I'm not convinced of that. In fact, I think that in retrospect, the Lua
iteration protocol is suboptimal, and that the extra "flag" is closer.
Consider the alternative of using a hidden state object. This is not a
major change to the iteration protocol; it remains quite simple:
Currently we have:
for <varlist> in func, obj, state do <block> end
==>
do
local _f, _o, _s = func, obj, state
while true do
local <varlist> = _f(_o, _s)
_s = <varlist>
if _s == nil then break end
<body>
end
end
Contrast that with a very minor change:
do
local _f, _o, _s = func, obj, state
while true do
local <varlist>
_s, <varlist> = _f(_o, _s)
if _s == nil then break end
<body>
end
end
The only difference is that the iteration state is now hidden.

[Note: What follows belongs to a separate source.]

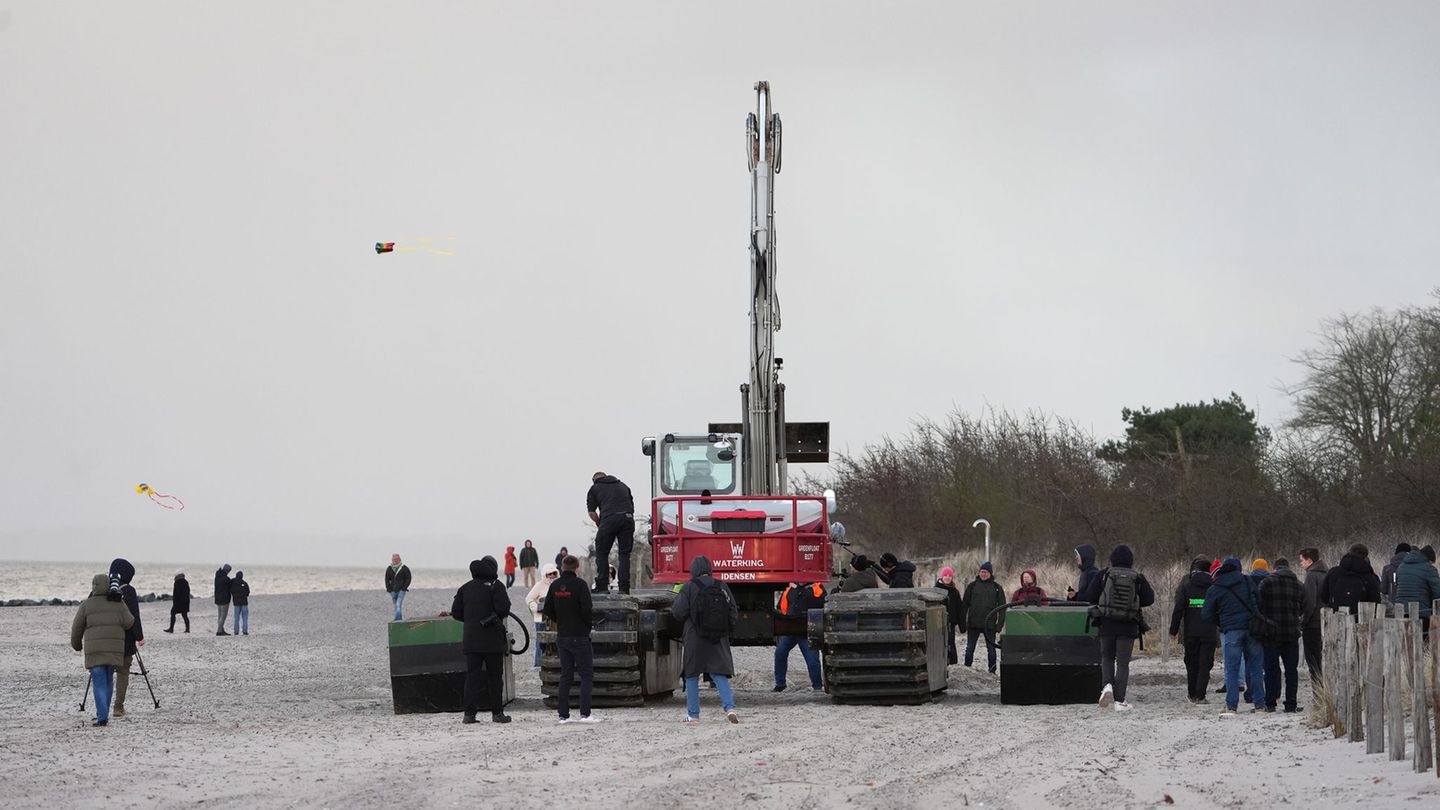 Gestrandeter Buckelwal: Festsitzender Wal - Bagger steht parat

To
support that style, the function returned by pairs(t) would have to
return something like: <key, key, value>, but that's not an enormous
change; in effect it moves a stack copy from the iteration loop to the
iterator.
Where you see a difference is in iterators which have a natural state
which is not useful or possibly even is confusing to reveal. The
simplest example is gfind, but there are many others. In fact, it would
seem that the vast majority of non-trivial iterators are of this form.

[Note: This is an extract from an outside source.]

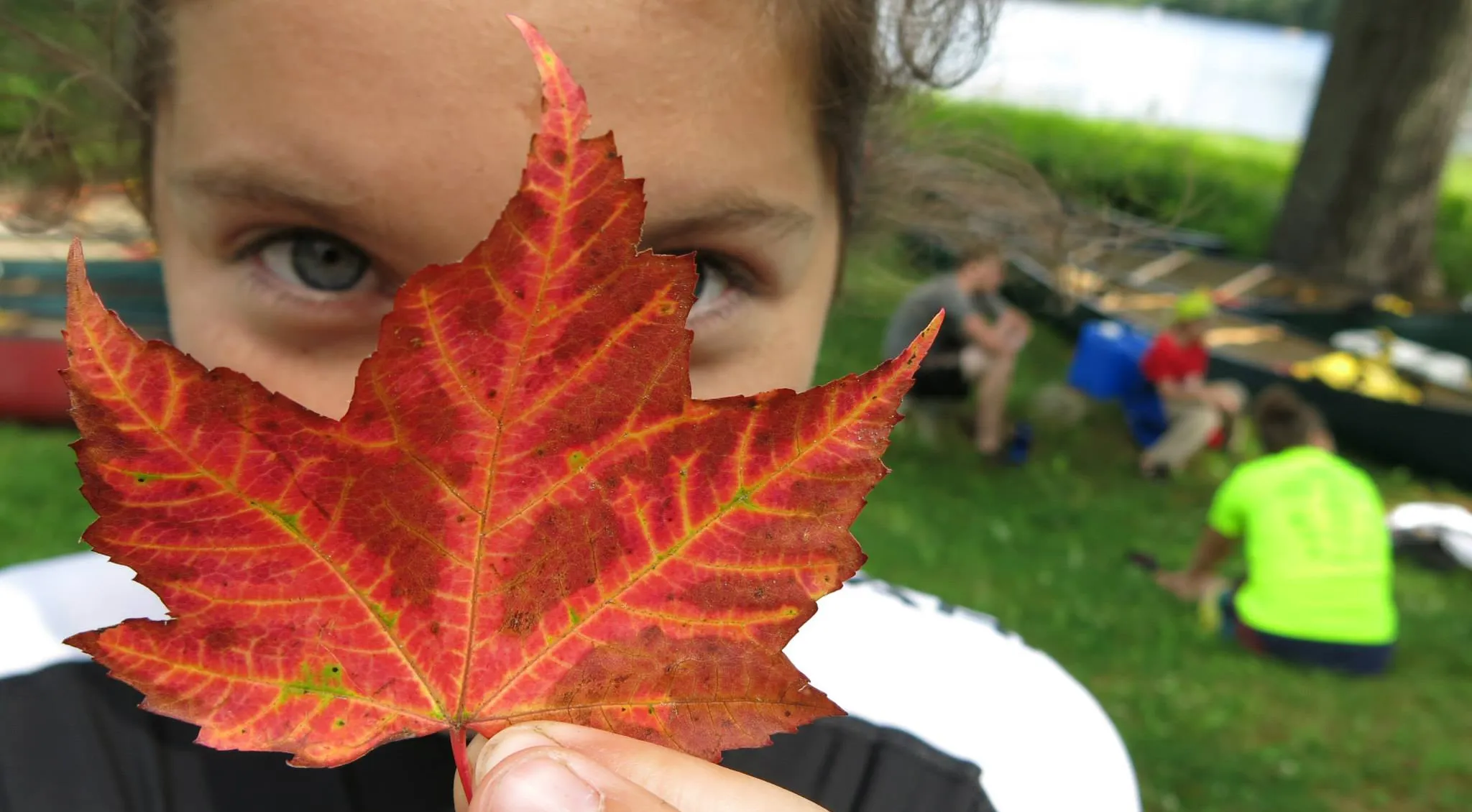 Kids in nature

Specifically, gfind needs to maintain the current string offset, which
is the end of the current match, and consequently would be confusing
(and probably not generally useful) to reveal to the iteration loop. In
order to properly hide this state, gfind needs to create a closure and
provide that as an iterator. Thus, every use of gfind involves the
allocation of a closure.
If the for statement expanded as in the proposal above, this would not
be the case; one could write a gfind which always returned a constant
closure object (i.e. a simple function) and used the hidden state to
maintain the only piece of information necessary to continue the
iteration.
Here's another example: it's pretty straightforward to implement a
table-like object which maintains insertion order. The simplest
solution is to simply maintain two tables: the "real" table, which maps
keys onto values, and an insertion order table which maps integers onto
keys. Now the iteration state is actually the current index in the
insertion order table, but we want the iterator to return <key, value>
in order to be compatible with normal iterations. Consequently, we have
two alternatives: either create a closure in order to retain the
current iteration state (which is, remember, just an integer), or
maintain a third table with each object which maps keys onto integers.
In either case, there is quite a lot of overhead, and I would say that
the overhead is a consequence of the iteration protocol. Using the
proposal above, the state could be safely passed between calls to the
iterator and ordered_pairs() could return a constant function, without
adding any overhead to the underlying object.
If you look at the actual implementation of next(), you'll see that it
is actually using an integer as the current iteration state; in order
to avoid creating a specific closure for each iterated table, next()
recomputes this integer on each loop, which doubles the number of hash
lookups necessary to do a table iteration. This is not an enormous
overhead, but it is an overhead; again, it is created by the nature of
the iteration protocol; the "hidden state" iteration protocol would
entirely avoid it.
So, in summary, the "hidden state" iteration protocol is just as simple
as the existing iteration protocol; it is more efficient; and it does
not require the reservation of a value to indicate the end of the
iteration.